DATA SECTION >>
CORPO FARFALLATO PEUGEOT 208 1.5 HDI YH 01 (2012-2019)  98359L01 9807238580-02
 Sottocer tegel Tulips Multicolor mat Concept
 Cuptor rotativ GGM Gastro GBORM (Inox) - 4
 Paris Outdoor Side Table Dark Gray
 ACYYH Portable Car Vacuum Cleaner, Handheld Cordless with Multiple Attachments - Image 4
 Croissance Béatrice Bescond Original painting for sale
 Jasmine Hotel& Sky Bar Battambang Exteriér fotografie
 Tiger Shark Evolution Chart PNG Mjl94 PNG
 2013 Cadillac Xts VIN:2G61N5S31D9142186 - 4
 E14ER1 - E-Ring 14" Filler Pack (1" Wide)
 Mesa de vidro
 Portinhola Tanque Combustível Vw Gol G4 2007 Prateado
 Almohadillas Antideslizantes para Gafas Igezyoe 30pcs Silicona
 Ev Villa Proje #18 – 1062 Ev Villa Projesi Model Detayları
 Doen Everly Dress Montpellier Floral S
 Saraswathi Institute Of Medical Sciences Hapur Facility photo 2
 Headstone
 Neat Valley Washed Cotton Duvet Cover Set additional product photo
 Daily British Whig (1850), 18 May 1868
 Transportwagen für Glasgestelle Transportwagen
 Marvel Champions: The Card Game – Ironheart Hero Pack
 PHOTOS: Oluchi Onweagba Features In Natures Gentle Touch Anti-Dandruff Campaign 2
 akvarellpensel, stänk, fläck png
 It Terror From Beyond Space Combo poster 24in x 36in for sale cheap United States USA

WHAT TO PRODUCE >>
Report the number of lines above that hold "Pack", and leave out everything else.

RESULT OF THIS EXERCISE >>
2